I want to Chain
two datasets together, one of which is a normal Dataset and the other is an IterableDataset. But Chain only accepts IterableDatasets.
So, I thought I’d just create a simple Iterable version of my original map-style dataset… but it’s not working. Sample code below.
I see a few questions related to this, such as this and this SO question with no answer, but no answers.

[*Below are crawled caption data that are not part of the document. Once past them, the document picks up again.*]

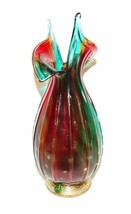 Gorgeous Murano Italy Art Glass Bubbles Ribbed Teal Red 9 1/2&quot; Vase With Label - £109.44 GBP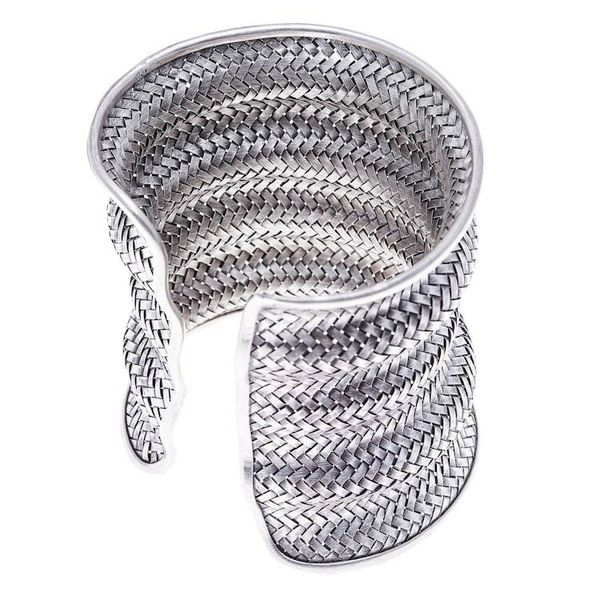 Alternate image for Sterling Silver Long Cuff Bracelet with Basketweave Pattern Manor Memories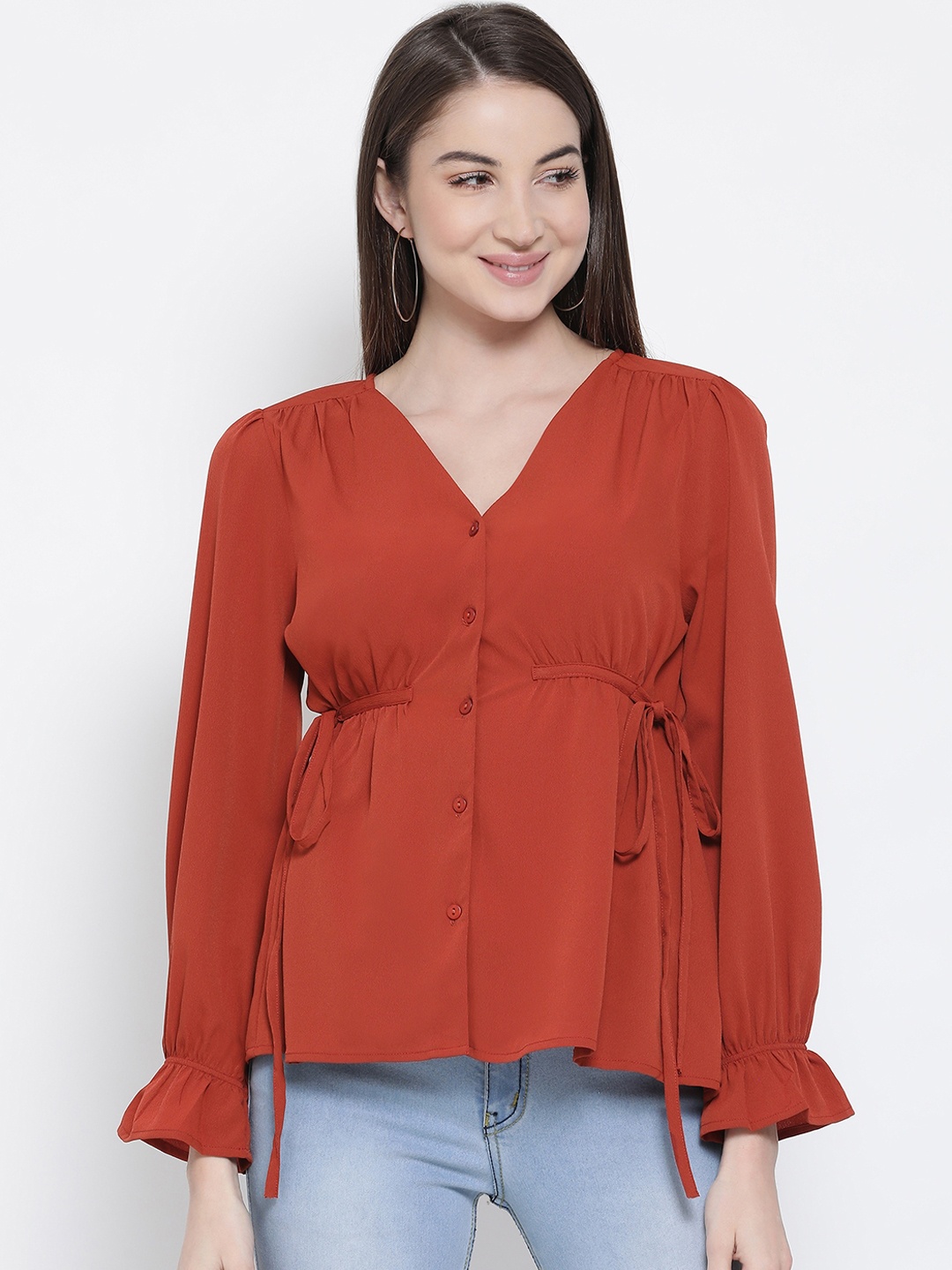 

Oxolloxo Women Rust Brown Solid Cinched Waist Top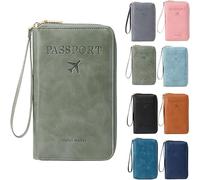 Porte-passeport RFID pour portefeuille, pochette de rangement de documents avec blocage RFID, étui pour cartes de crédit, portefeuille de voyage, Vert, 1, Décontracté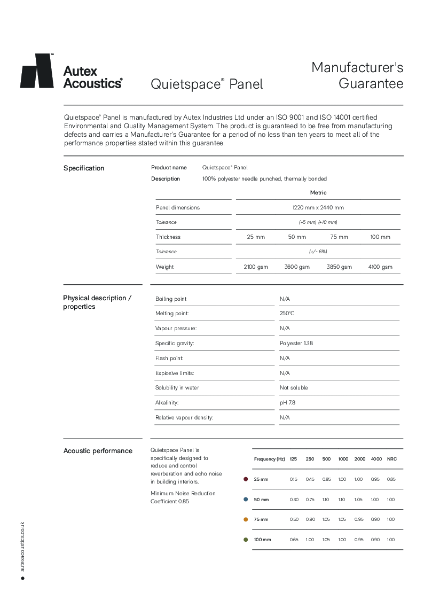 Quietspace Manufacturers Guarantee
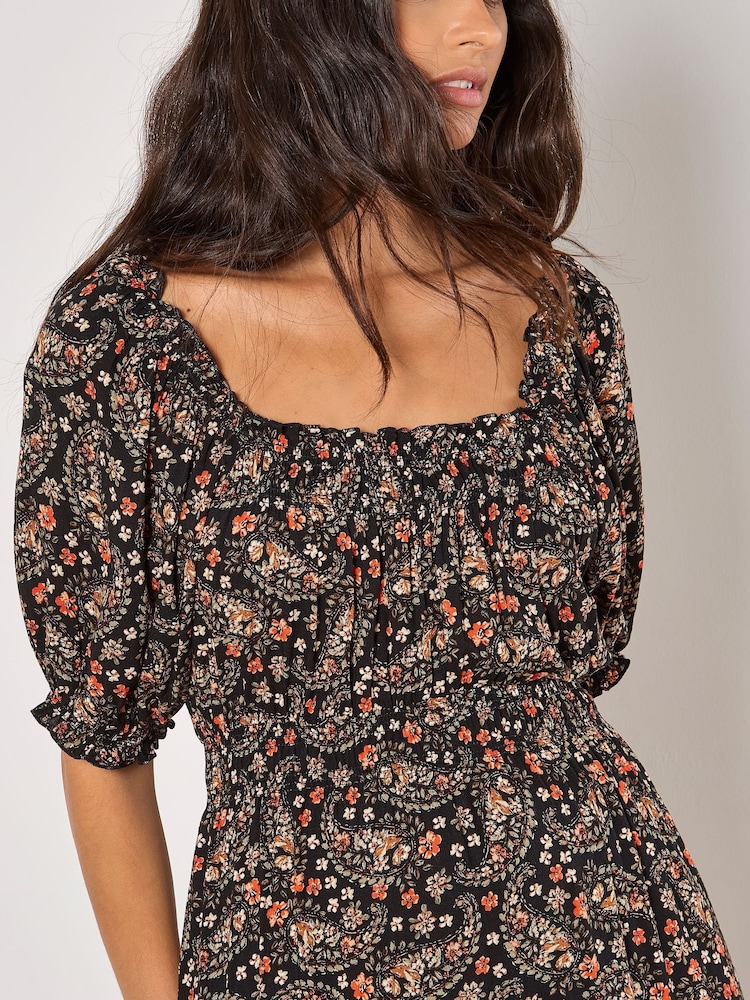 Apricot Black Floral Print Paisley Tiered Maxi Dress - Image 2 of 4
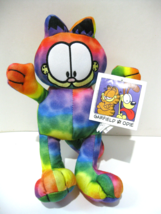 Garfield and Odie Plush Cat Rainbow Tie-Dye 2017 Toy Factory 9&quot; - £7.82 GBP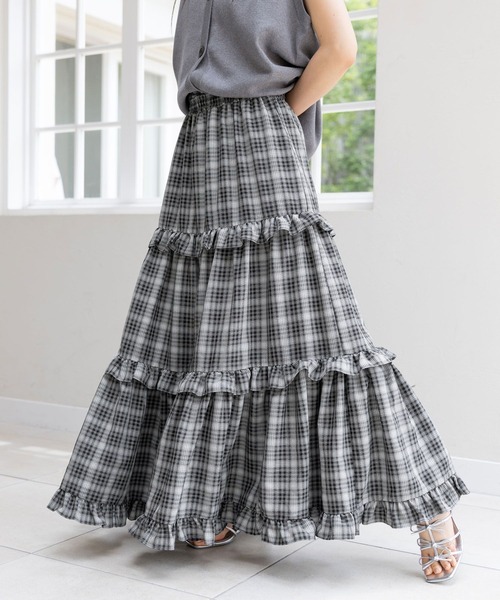 RAGEBLUE（レイジブルー）の「チェックフリルティアードスカート（スカート・レディース・ネイビー/ブラック・FREE）」の2枚目の写真
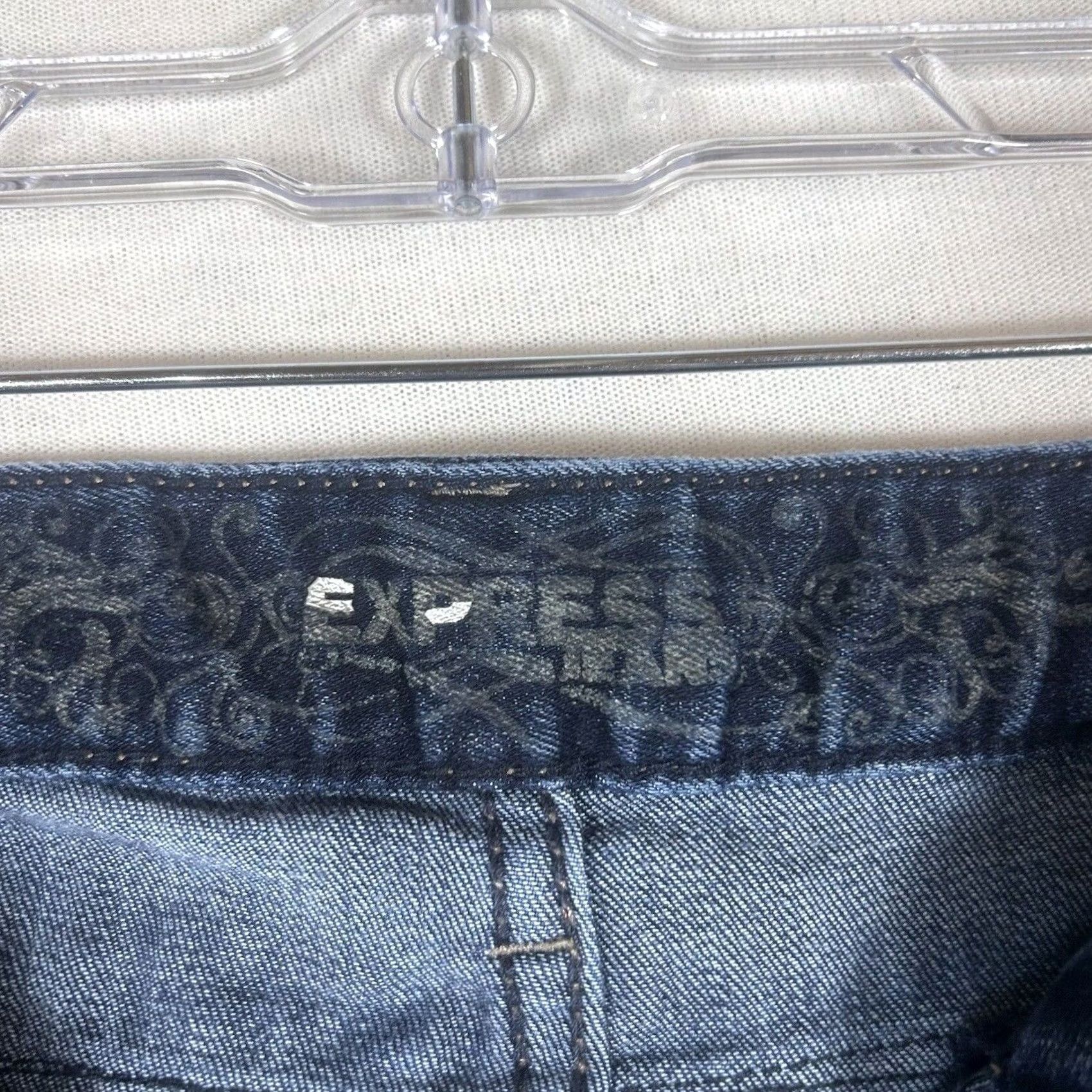Express Express Womens Skinny Jeans Size 2R Low Rise Dark Wash Blue Denim Jeggings Long Shirt? Size 26" / US 2 / IT 38 - 3 Thumbnail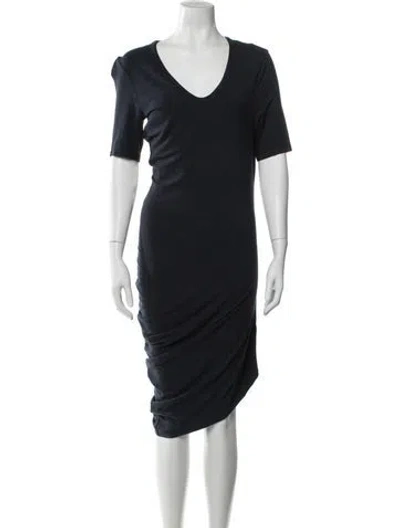 Pre-owned Alexander Wang V-neck Midi Length Dress In Blue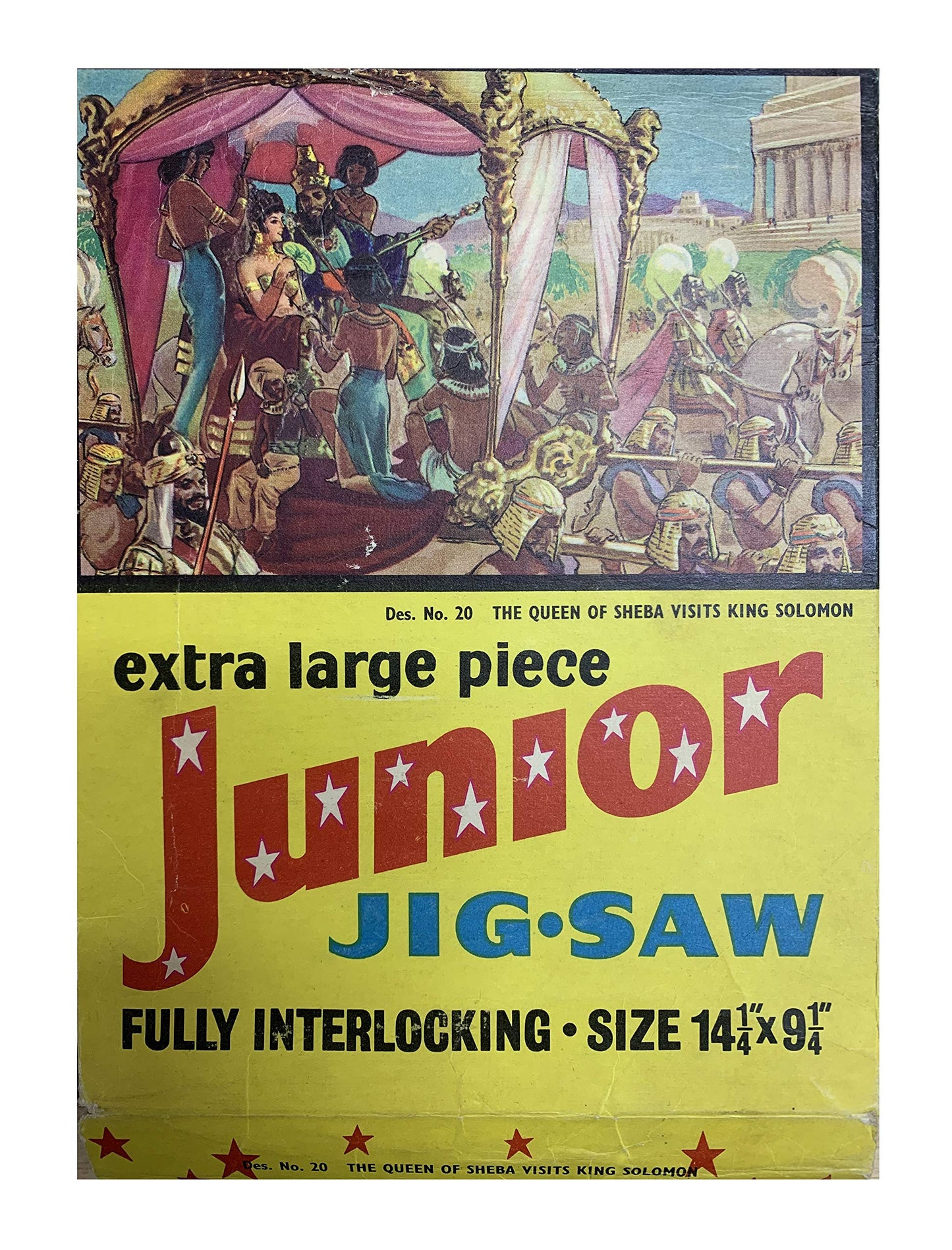 Vintage 1960's Waddingtonns Junior Extra Large Piece Jigsaw Puzzle - No. 20 - The Queen Of Sheba Visits King Solomon In The Original Box - Missing 1 Piece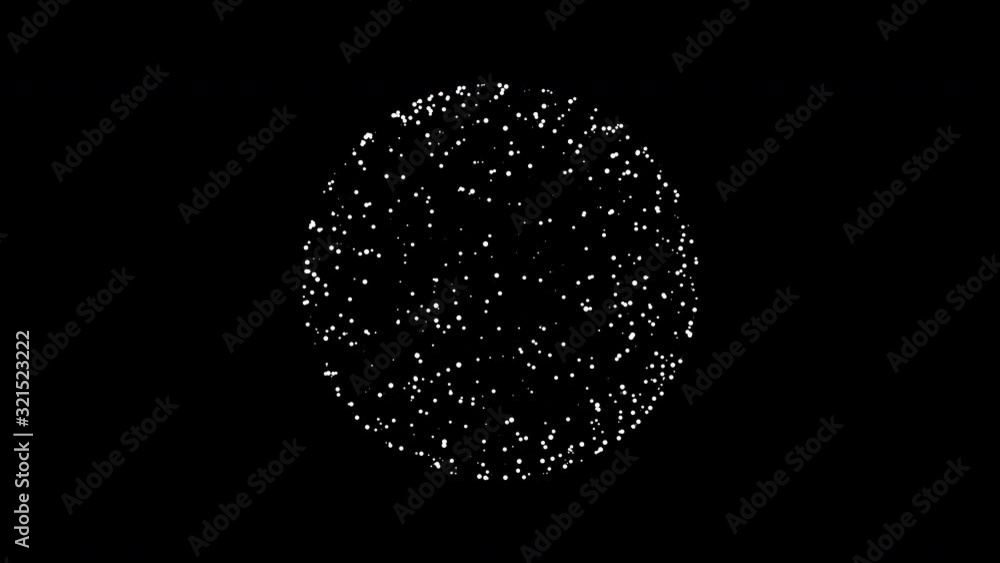 Poster minimalistic sphere of white round particles rotating on black background.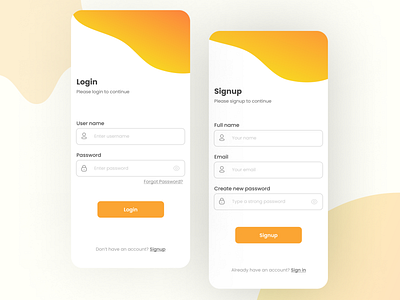 Login and Signup Screen login and signup mobile app mobile app design mobile app ui mobile app ui design mobile ui sign up signup uiuxdesign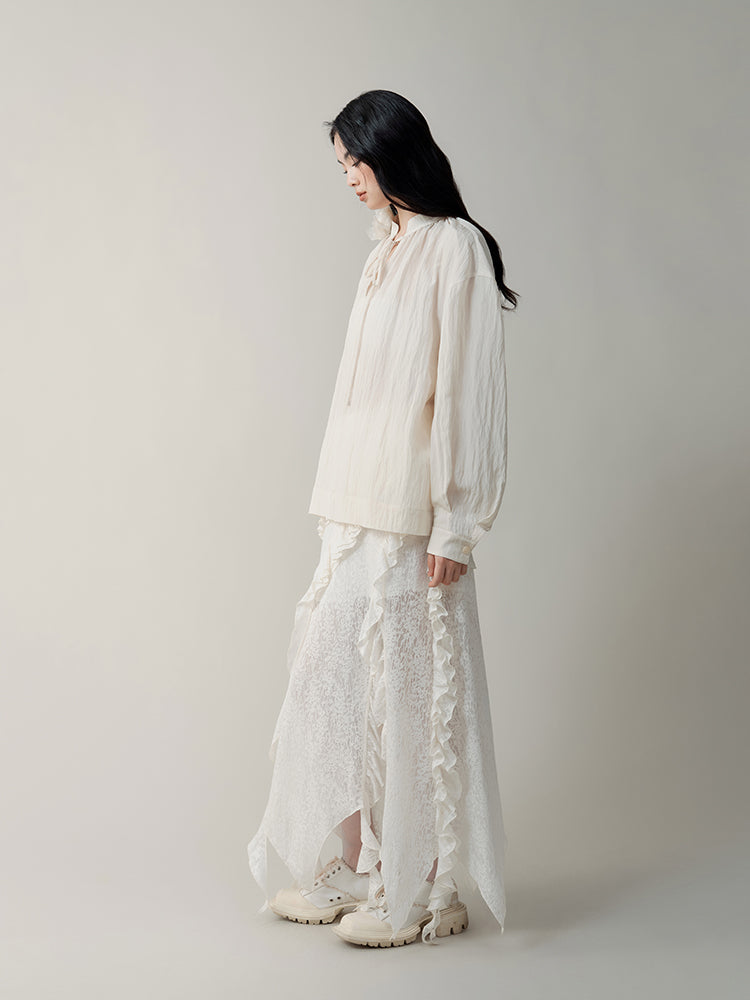 Mist Rose Stand Collar Tie Shirt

How do we do this? Here’s my attempt:
class MapStyleDataset(torch.utils.data.DataSet):
def __init__(self, path, **kwargs):
super().__init__()
self.filenames = glob.glob(path)
def __getitem__(self, idx):
data = somehow_read_from( self.filenames[idx] )
return data
def __len__(self):
return len(self.filenames)
class MyIterableDataset(torch.utils.data.IterableDataset):
def __init__(self, *args, **kwargs):
super().__init__()
self.this = MapStyleDataset(args, kwargs)
self.len = len(self.this)
def __iter__(self):
return self.this.__getitem__(random.randint(0, self.len))
Let’s assume MapStyleDataset works fine. You can do next(iter(....))
on it properly.
But when I try to do next(iter(....))
on the Iterable dataset, over and over I get error messages that read:
TypeError: iter() returned non-iterator of type 'Tensor'
How do do this conversion properly? Thanks.